What I read: “A Lighthouse for Dark Times” by Maria Popova in The Marginalian.
So, the worst possible outcome happened to our country. Enough people voted for an avowed authoritarian with an extremist right-wing ready-to-implement playbook that will make life miserable for millions of Americans.
Yes, I’m sure there are those reading this who are elated. I am not. My LGBTQ friends are not. The women in my networks are not. People of color I know are not. The white men I know who support those people and other marginalized groups are not. Those I know with immigrant friends and loved ones are not.
We are grieving. We are angry. We are shellshocked. I never thought I’d live in a country that would decide to emulate 1930s Germany. But here we are. I hope we can avoid a similar fascist and dictatorship fate. Time will tell if we can.
All that said, we must find a way to move forward. We must find smidgens of hope and possibility. As I often do, I found some solace in the writing of Maria Popova. If you don’t follow Popova’s writing in The Marginalian, I recommend you do so. I consider her one of the best intellects and writers working today.
In her post, Popova points out how important artists are when chaos and uncertainty rise up to crush a society’s joy and stability.
Cultures and civilizations tend to overestimate the stability of their states, only to find themselves regularly discomposed by internal pressures and tensions too great for the system to hold. And yet always in them there are those who harness from the chaos the creative force to imagine, and in the act of imagining to effect, a phase transition to a different state.
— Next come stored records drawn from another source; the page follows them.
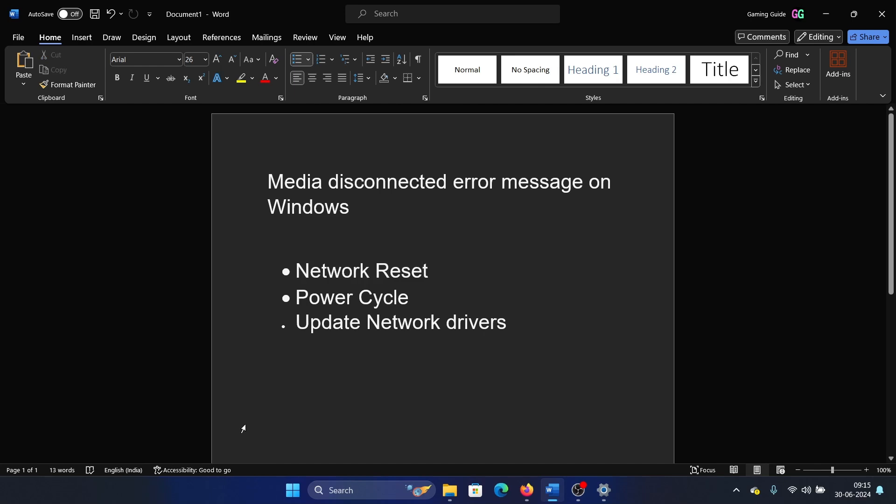Why do we perform a network reset and why don't we run commands as mentioned on other channels and websites? Because network reset will apply all of these commands. It will reset the Winsock, reset the TCP and IP, flush the DNS and everything. This is what the network reset does - one button for everything.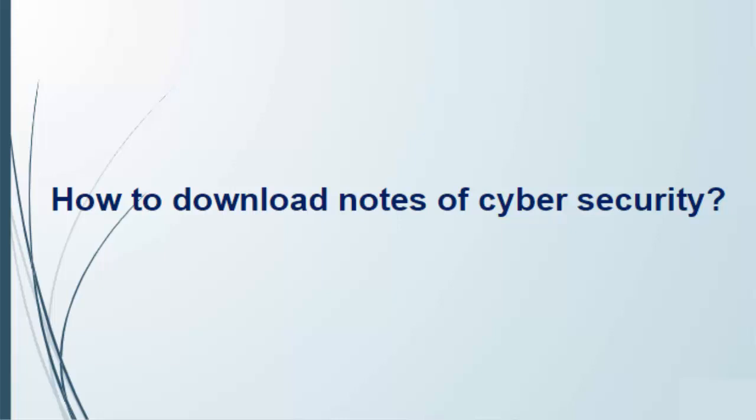Hello everyone. In this video we are going to learn how to download notes of cyber security. So let's get into it.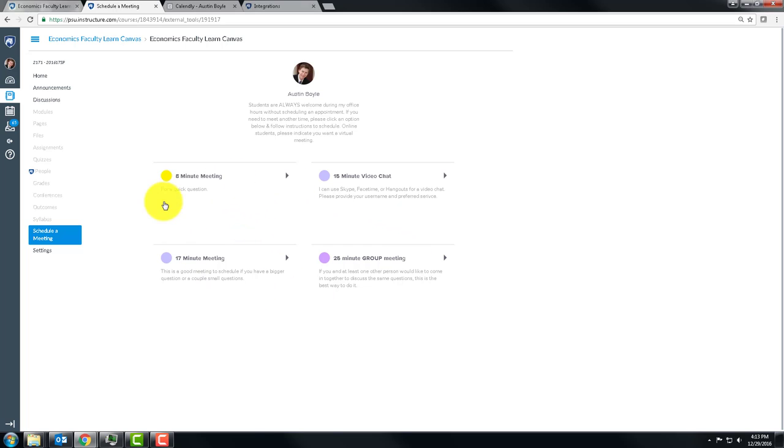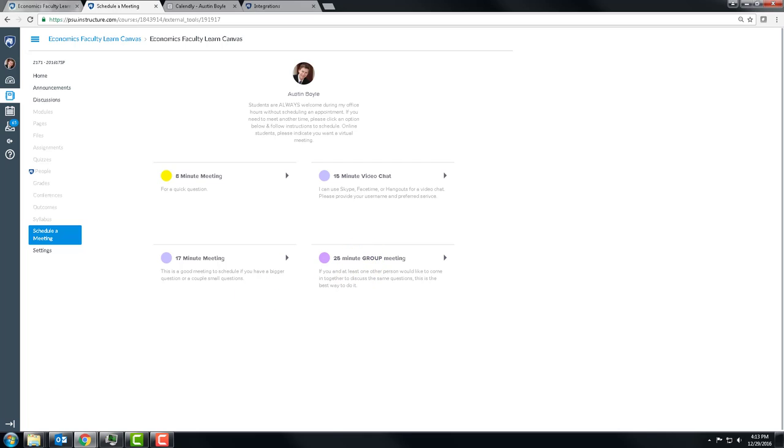you can go to one of these and ignore the group restriction. You can schedule a 25-minute meeting with me, no problem. So just click that, follow the instructions, and we can have a meeting. Take care.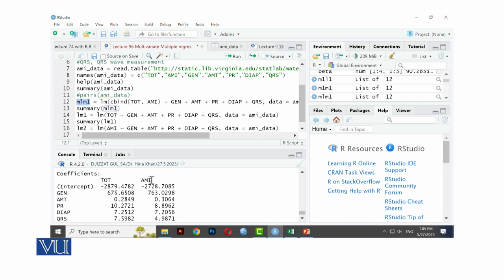Next model is for AMI (Y2). For AMI also we had to fit the model because it is also a dependent variable. We get beta-naught, then beta-1 for Z1 (GEN), beta-2 for AMT, beta-3 for PR, then 7.2056 for DIAP, and 4.9871 for QRS. So we now have two models — one for Y1 and one for Y2.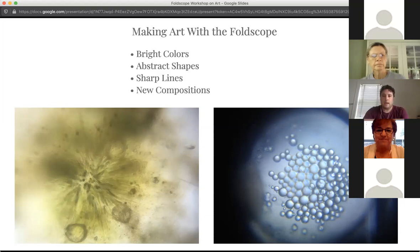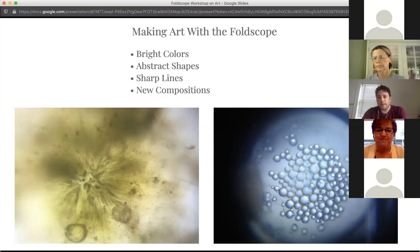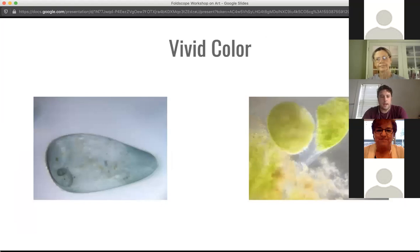And on the right is a minnow egg, photographed many years ago when I first started — one of the first things I ever photographed with a Foldscope. This minnow egg, if you just saw it normally, would be a little round ball about the size of a pinhead. Under the Foldscope it magnifies dramatically into these really interesting textures and arrangements of shape. Talking about color: color becomes really vivid to me under the Foldscope in really interesting ways.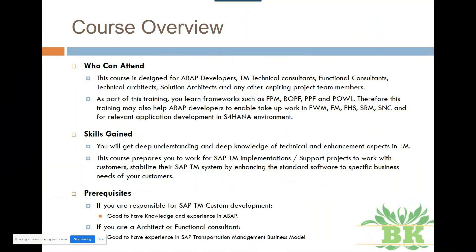After you complete this course, you get the understanding and deep knowledge of all the primary frameworks and also supporting frameworks. I would also focus both from TM implementation perspective and TM support perspective — what kind of real-time requirements would come in, what should be your solution approach if you are working in implementation, or how do you proceed with troubleshooting and investigating issues if you are in a support project. We keep focusing on relevant topics from both implementation and support perspectives.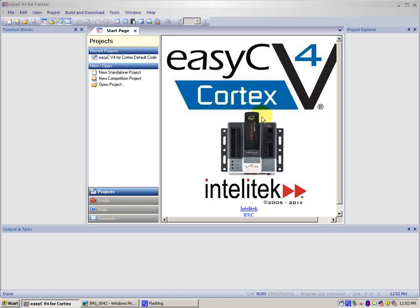As you can see, I have EasyC version 4 for Cortex opened. If you do not have EasyC, you can get a trial version from Intelitek Downloads dot com. There will be a link in the description.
We call those people artists — they who never forget it is only what we can imagine that limits or liberates what is possible. “A society must assume that it is stable,” James Baldwin wrote in reckoning with the immense creative process that is humanity, “but the artist must know, and he must let us know, that there is nothing stable under heaven.” In the instability, the possibility; in the chaos, the building blocks of a stronger structure.
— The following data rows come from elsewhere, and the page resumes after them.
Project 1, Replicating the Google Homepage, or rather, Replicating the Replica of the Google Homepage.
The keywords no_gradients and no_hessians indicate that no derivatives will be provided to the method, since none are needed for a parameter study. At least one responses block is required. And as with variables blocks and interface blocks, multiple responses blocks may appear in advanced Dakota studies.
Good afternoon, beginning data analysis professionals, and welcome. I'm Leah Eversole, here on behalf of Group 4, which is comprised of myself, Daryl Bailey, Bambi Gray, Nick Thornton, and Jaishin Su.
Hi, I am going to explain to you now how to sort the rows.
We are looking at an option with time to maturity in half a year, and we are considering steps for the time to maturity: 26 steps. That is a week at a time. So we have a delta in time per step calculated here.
The power of art and the importance of art has been written about since the written word existed, but it’s important to emphasize that importance yet again, especially now. We need our artists and the work they do now more than ever.
We need the writers, comedians, actors, painters, sculptors, poets, dancers, musicians, photographers, performance artists, content creators, and filmmakers. They can buttress us from despair. They can see clearly when so many do not. They can encourage thought and emotion in positive ways to perhaps spawn better times ahead.
Popova references the writings of Hermann Hesse to offer us some hope as “we too are living now through such a world, caught again between two ages, confused and conflicted, suffocating and suffering.”
Hesse observes that artists feel these painful instabilities more deeply than the rest of society and more restlessly, and out of that restlessness they make the lifelines that save us, the lifelines we call art. A century before Toni Morrison, living through another upheaval, insisted that “this is precisely the time when artists go to work,” Hesse insists that artists nourish the goodness of the human spirit “with such strength and indescribable beauty” that it is “flung so high and dazzlingly over the wide sea of suffering, that the light of it, spreading its radiance, touches others too with its enchantment.”
If you are an artist of any sort, keep making art. Keep speaking your truth. Maintain your artistic integrity and let your work be a beacon of hope in these troubled times. Rally beauty. Encourage thought. Disrupt damaging paradigms. Spawn action to push back against the forces of evil.
That is the power of art. Art can serve as a sea of light amid the darkness so many of us are feeling and experiencing right now. If you’re an artist, thank you for what you do. If you’re not an artist but now feel compelled to make art, do so. Perhaps in the act of artistic creation you can be empowered, and your work can touch the hearts and minds of others.